Dr. Mark Nasila, Chief Data and Analytics Officer at FNB Risk and author of AI in Africa, a seminal book on artificial intelligence on the continent, warned that if Africa lags behind in AI development, it could create injustices that would affect many generations to come. However, he added that Africa’s unique approach to reimagining technology could lay the groundwork for its own AI interventions, boosting the continent’s chances for stronger economies and global contributions. “AI industries need to create products and services that meet society’s needs and that we can offer to the world. Policy alone can’t drive employment. For us to be on the global stage, we need to develop frameworks that align with the challenges we face. If we aren’t at the forefront now, we could miss opportunities that the continent can lead.”
Building AI for global South communities and addressing their specific needs is not easy. AI can be viewed as public infrastructure, but its current biases and Africa’s under-representation in it highlight the need for diversity, ethical practices, and unique solutions. Lelapa AI’s initiative, as well as that of India’s Apurva.ai, are examples of how global South creators can make distinctive impacts on solving global South problems.
Apurva.ai—which translates to “something that has never been seen before”—focuses on community-led AI built through co-creation and knowledge curation, with communities at its heart. Its founder, panel member Anand Rajan, calls this collective wisdom “sense-making.” “Sense-making infrastructures unlock value. Communities’ voices are the anchors, allowing us to view needs from different perspectives, which opens up massive innovation opportunities.”
Rajan explained that when communities are the “first-mile innovators, not the last-mile recipients,” it reorganises systems in a way that prevents the global South from being exploited. Apurva.ai has addressed issues of inequality for unorganised women workers and curated stories of small communities making big impacts on climate change.
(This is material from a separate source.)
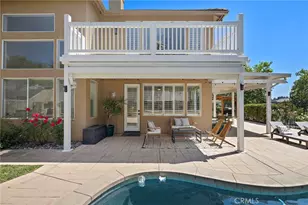 49 Creek View, Coto de Caza, CA 92679 - Photo 23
While there are many positives, Professor Bruce Bassett, Chief AI Advisor for the University of Cape Town’s Faculty of Science, cautioned that innovators must plan for every potential future scenario. There is little information available to predict what these might look like, he noted, as AI is expanding rapidly. During the panel discussion, Professor Bassett reminded attendees that robotics are as much a part of AI as digital technologies.
Lee-Anne James, Director of Africa at Microsoft, emphasised that robots and other forms of AI are simply new forms of technology we need to get used to—similar to the changes brought about by the industrial revolution. She added that these tools can help bridge the divides that still exist between people.
While AI is approached with caution in some sectors, it has become an essential tool for leaders wanting to make dynamic changes for the betterment of the communities they serve.